*Required action*
Repeat the listing below exactly. Pictures do not belong in the copy.

*Data segment*
· · ·

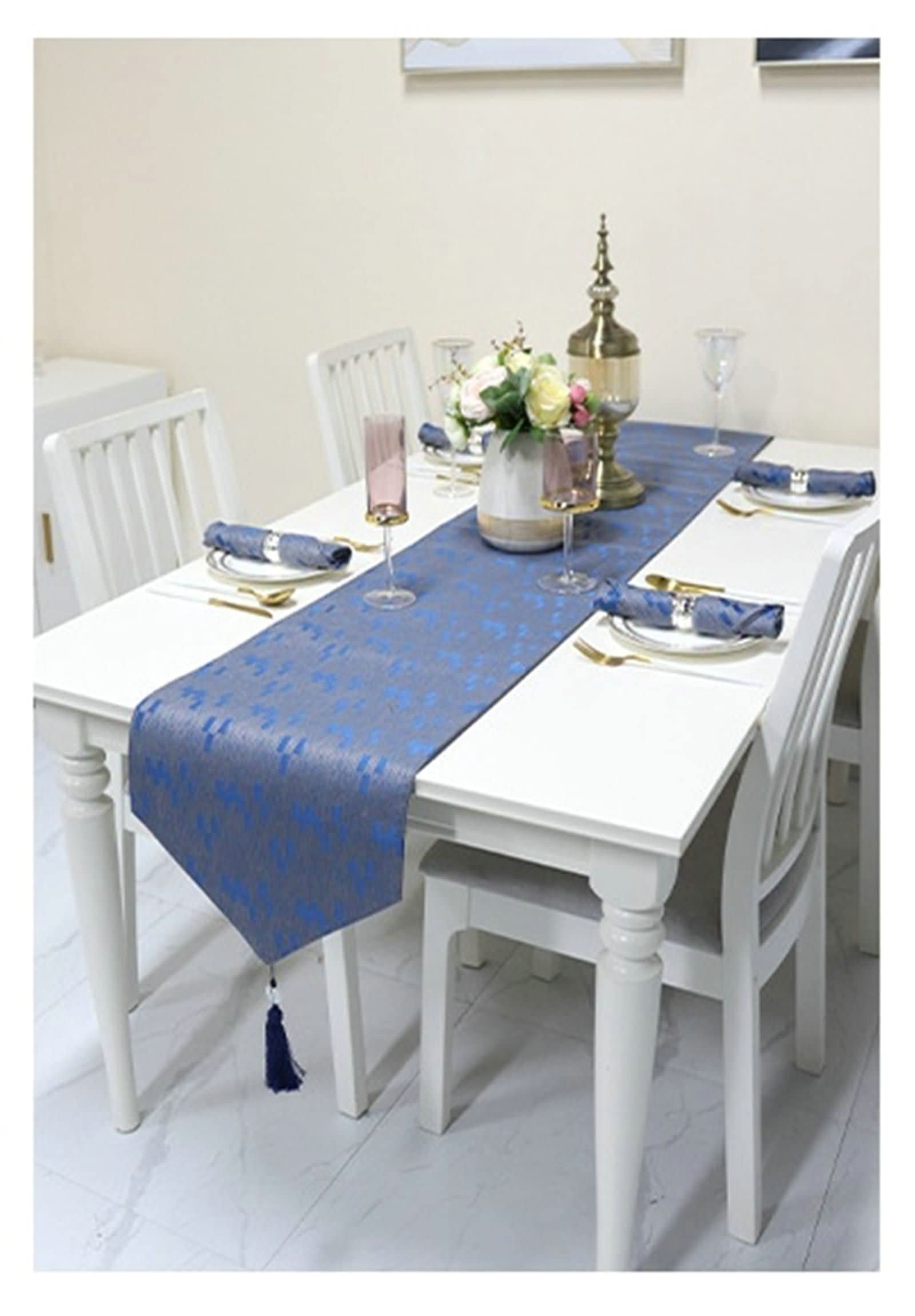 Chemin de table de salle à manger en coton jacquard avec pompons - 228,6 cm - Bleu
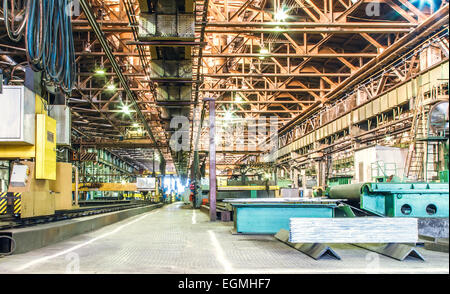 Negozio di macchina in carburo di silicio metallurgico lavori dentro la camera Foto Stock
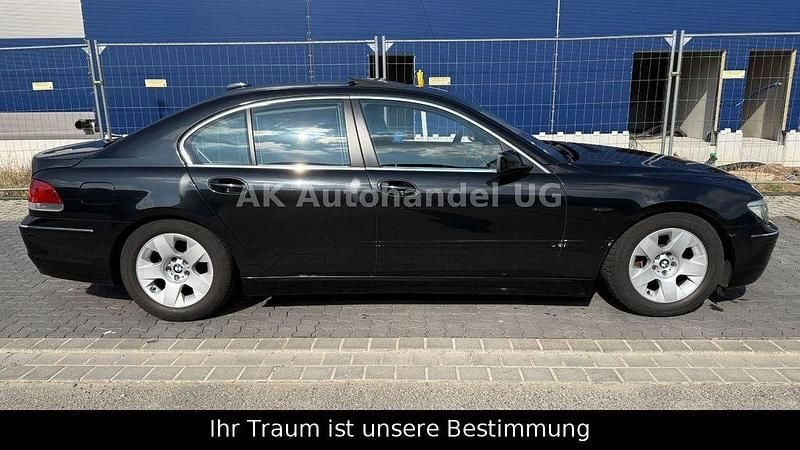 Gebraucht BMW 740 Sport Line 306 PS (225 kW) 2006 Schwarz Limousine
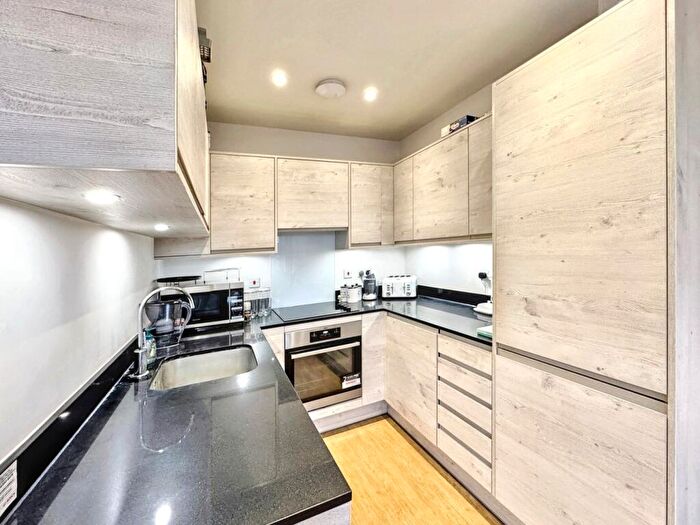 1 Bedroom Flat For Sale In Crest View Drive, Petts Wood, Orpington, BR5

· · ·

*Answer box*
 Chemin de table de salle à manger en coton jacquard avec pompons - 228,6 cm - Bleu
 Negozio di macchina in carburo di silicio metallurgico lavori dentro la camera Foto Stock
 Gebraucht BMW 740 Sport Line 306 PS (225 kW) 2006 Schwarz Limousine
 1 Bedroom Flat For Sale In Crest View Drive, Petts Wood, Orpington, BR5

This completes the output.